# Problem with power steering??



## daynado (Jan 17, 2005)

Hi,
About 3 days ago I noticed a noise from my 2002 Altima. Since then it has progressed to a loud noise when accelerating and turning. Also, it is "bumpy" and feels like it's pulling when I turn. I don't know much about cars but I'm thinking its something with the power steering? Anyone had a similar problem?

It's at Nissan right now but I am worried it will be expensive and just found out that my warranty is passed by 2K miles.

Also - I am debating buying it out in a few months (lease). Was planning on it but this is my 3rd time with it in the shop... not sure what to do.

Thoughts, suggestions,
Thanks,
Daynado


----------



## Marvin (Oct 16, 2002)

Way back in the day, many many people compained about noises coming from the suspension. Its due to a bad strut design. Here is a TSB (Tech Service Bulletin) on the issue. Seeing as how you have 02, the warranty is probably expired, but at least you know what it could be.

Most people that complained had new struts installed by the dealership at no cost.


----------



## daynado (Jan 17, 2005)

I just heard back from Nissan. Apparently I need a new Power Steering Rack and they want $1487 to do it.

That sounds outrageous to me and like something I should not have on a car less than 3 years old!!
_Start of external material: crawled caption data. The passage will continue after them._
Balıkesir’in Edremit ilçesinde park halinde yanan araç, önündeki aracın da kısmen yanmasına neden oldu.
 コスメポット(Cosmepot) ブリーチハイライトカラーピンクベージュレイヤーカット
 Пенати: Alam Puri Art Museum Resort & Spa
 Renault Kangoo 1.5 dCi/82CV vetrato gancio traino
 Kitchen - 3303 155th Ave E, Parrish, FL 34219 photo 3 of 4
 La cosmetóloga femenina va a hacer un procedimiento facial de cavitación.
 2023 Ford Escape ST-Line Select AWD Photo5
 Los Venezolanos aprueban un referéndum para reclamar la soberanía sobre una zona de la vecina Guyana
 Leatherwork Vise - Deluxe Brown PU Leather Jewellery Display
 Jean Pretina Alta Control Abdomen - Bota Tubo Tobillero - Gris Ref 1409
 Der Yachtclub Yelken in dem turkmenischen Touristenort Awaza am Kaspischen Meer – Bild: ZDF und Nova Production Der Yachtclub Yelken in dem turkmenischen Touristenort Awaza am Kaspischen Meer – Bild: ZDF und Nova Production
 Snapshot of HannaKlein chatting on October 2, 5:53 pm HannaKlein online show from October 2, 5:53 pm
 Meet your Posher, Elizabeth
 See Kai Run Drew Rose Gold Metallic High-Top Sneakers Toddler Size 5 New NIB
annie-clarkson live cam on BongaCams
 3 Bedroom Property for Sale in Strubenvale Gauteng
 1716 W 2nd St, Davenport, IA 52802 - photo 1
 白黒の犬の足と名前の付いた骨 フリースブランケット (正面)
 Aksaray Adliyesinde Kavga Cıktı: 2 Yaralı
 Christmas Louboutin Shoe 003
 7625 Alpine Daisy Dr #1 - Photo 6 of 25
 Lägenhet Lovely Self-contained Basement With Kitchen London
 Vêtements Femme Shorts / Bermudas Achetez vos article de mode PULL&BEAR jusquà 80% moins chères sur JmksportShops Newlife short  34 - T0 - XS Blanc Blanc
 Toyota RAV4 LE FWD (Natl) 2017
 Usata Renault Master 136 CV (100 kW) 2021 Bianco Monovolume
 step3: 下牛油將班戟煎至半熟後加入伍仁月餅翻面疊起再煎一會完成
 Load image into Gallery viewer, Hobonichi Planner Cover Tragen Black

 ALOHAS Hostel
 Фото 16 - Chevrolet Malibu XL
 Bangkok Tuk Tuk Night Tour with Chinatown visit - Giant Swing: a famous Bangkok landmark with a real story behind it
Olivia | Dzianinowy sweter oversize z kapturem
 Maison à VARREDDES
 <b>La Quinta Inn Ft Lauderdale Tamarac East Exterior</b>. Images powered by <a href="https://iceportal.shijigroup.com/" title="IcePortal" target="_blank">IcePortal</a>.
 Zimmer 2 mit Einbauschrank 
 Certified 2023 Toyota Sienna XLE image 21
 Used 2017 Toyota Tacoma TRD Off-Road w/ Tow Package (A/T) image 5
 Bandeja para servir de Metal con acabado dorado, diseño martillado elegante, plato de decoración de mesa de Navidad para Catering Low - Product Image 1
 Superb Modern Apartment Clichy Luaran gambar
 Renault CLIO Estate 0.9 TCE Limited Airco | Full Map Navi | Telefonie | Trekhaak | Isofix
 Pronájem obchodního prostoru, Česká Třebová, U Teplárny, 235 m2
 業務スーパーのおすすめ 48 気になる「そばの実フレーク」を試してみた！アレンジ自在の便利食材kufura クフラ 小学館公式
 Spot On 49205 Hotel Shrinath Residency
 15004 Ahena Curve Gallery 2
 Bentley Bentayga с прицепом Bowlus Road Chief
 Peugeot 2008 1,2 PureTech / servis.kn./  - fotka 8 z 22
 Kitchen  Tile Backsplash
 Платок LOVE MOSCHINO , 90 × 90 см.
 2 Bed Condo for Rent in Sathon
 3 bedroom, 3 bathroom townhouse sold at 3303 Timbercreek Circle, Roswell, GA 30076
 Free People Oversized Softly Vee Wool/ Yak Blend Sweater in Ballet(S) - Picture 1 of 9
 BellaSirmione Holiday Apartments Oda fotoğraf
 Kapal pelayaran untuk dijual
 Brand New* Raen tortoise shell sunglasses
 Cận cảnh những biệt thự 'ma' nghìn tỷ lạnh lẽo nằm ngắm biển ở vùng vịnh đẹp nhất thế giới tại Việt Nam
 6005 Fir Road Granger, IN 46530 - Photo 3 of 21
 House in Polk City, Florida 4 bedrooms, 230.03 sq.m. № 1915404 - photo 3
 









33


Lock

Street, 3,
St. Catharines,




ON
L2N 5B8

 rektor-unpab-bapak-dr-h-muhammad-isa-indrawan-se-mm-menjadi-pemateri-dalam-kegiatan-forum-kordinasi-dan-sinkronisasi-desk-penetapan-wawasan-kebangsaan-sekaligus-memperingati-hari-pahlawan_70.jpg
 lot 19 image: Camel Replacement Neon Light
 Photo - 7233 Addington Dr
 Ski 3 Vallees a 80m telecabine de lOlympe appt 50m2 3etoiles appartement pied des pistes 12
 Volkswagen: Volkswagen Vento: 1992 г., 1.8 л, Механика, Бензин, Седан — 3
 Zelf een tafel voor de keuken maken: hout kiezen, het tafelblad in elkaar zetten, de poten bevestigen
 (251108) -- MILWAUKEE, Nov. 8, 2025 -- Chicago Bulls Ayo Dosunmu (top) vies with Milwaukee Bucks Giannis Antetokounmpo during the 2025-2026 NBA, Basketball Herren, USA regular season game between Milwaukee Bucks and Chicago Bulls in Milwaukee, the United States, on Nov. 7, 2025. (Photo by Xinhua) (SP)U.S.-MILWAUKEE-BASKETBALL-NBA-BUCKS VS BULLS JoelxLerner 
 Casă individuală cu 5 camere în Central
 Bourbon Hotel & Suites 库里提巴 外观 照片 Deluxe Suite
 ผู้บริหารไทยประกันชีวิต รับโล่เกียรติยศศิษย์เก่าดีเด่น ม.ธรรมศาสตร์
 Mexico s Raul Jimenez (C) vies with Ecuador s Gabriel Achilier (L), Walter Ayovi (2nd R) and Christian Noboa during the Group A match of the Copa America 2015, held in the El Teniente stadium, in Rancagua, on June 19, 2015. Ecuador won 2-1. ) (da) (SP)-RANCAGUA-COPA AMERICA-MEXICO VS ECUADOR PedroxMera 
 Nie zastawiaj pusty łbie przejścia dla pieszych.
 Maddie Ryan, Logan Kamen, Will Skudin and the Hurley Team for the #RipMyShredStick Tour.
Anyone else have this problem?


----------



## kit (Dec 6, 2004)

See if they will change it on warranty or "GOOD WILL".say that the problem has been for a while and if you were able to bring it in when you first noticed it the car would have been on warranty. Sometimes they will try with charging you but if you ask they might help.It seems a little crazy that they would try to charge you instead of asking Nissan to pay for the repairs.I would be more likely to buy an Nissan if they looked after me,Wouldn't you??


----------